# Oh! These socks are so cool!



## chickenista (Mar 24, 2007)

https://sites.google.com/site/hbmprintablepatterns/knee-socks

I am perusing old knitting patterns looking for inspiration and I saw these.
Love them!


----------



## chickenista (Mar 24, 2007)

http://handmadebymother.blogspot.com/

Actually the entire site is pretty awesome.
It is NOT the inspiration I was looking for, but I did waste some time here.
Laughing.


----------



## SvenskaFlicka (Nov 2, 2011)

Did you see the socks I knit for Philip a while back?


----------



## chickenista (Mar 24, 2007)

Oh! Those are just gorgeous!
So intricate.


----------



## hotzcatz (Oct 16, 2007)

Great socks! They look toasty warm as well as stylish. Did you spin the yarn? Are they wool? What kind of wool?


----------



## SvenskaFlicka (Nov 2, 2011)

Oh gracious, no, I didn't spin the wool. I'm not quite that good at spinning yet. 

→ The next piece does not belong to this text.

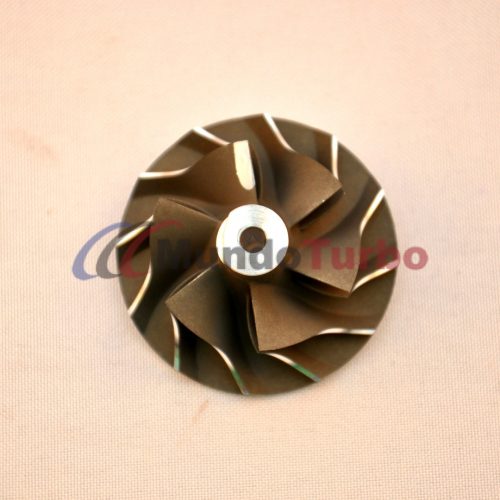 Rueda Compresora BV39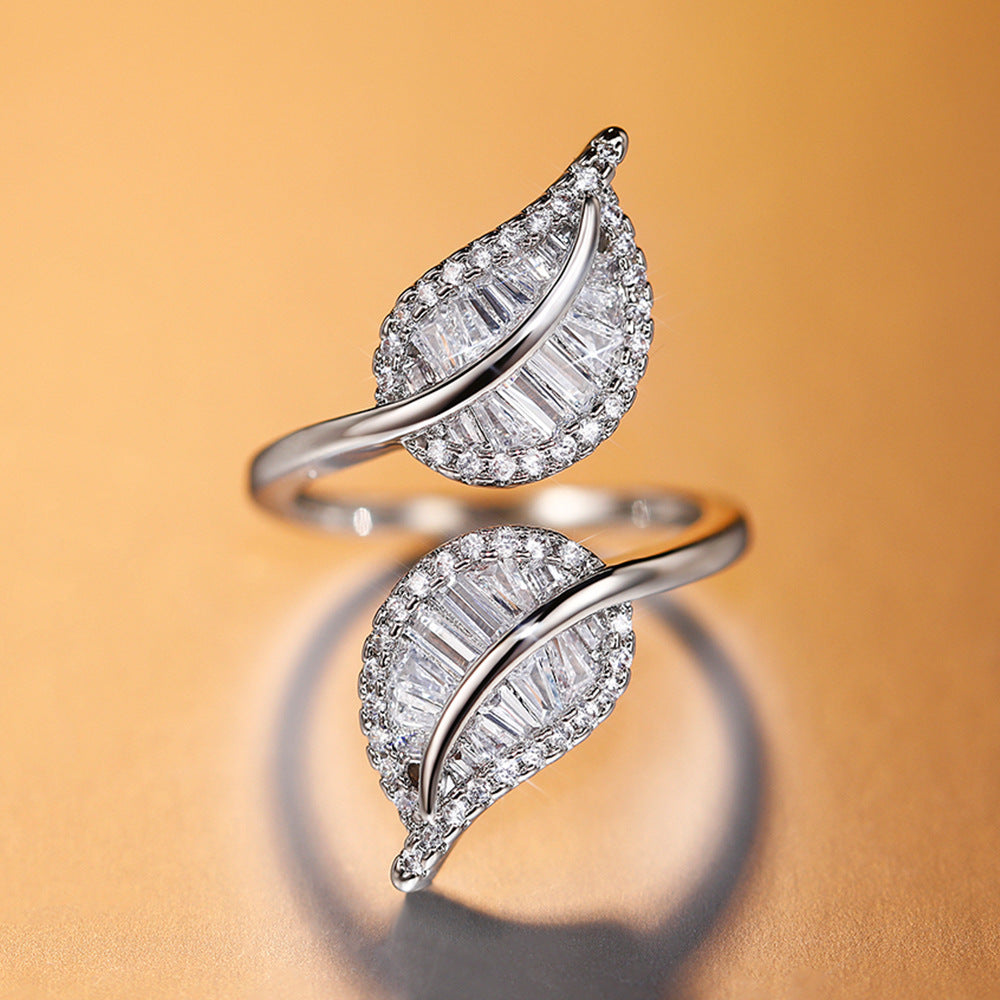 Fresh Elegant Jewelry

They are knit from the Legacy Lace yarn from Brown Sheep Company, which is a Superwash/nylon blend. It just made sense for socks like that. Took me 24 hours of knitting per sock! :teehee:


----------



## Wind in Her Hair (Jul 18, 2002)

incredible knitting, Kelsey! Every time I see those socks, I say "Wow!" :clap: :clap: :clap:


----------



## hotzcatz (Oct 16, 2007)

Hmm, twenty four hours per sock is forty eight hours total. What's minimum wage these days? $7.25 per hour or something? Well, that's for unskilled work anyway, so knitting should be about double that, one would think? How about that plus half since ten is a nice number to play with? So, if you were to knit those up for someone else, they should be priced at $480 plus the cost of the yarn. The folks who knit socks for the farmer's market only get $75 for a pair of socks, but those are just short plain socks, nothing so nifty keen as the ones you made.


----------



## Miz Mary (Feb 15, 2003)

I made these a few years ago ......


----------



## SvenskaFlicka (Nov 2, 2011)

Why can't there be a LOVE button on here?!?


----------



## bergere (May 11, 2002)

I love all those cool looking socks!


----------



## Kasota (Nov 25, 2013)

Utterly beautiful!!! I am impressed!


----------



## PlicketyCat (Jul 14, 2010)

Svenska - did you knit those with double needles or on a wire? My socks never actually look like socks or turn out the same size (still a beginner), so whenever I see gorgeous socks like yours I always wonder what needles they used.


----------



## ajaxlucy (Jul 18, 2004)

These are amazing!


----------



## SvenskaFlicka (Nov 2, 2011)

Plickety" I used size 0 double point needles. Four of them most of the time, but five at the heel.


----------



## PlicketyCat (Jul 14, 2010)

SvenskaFlicka said:


> Plickety" I used size 0 double point needles. Four of them most of the time, but five at the heel.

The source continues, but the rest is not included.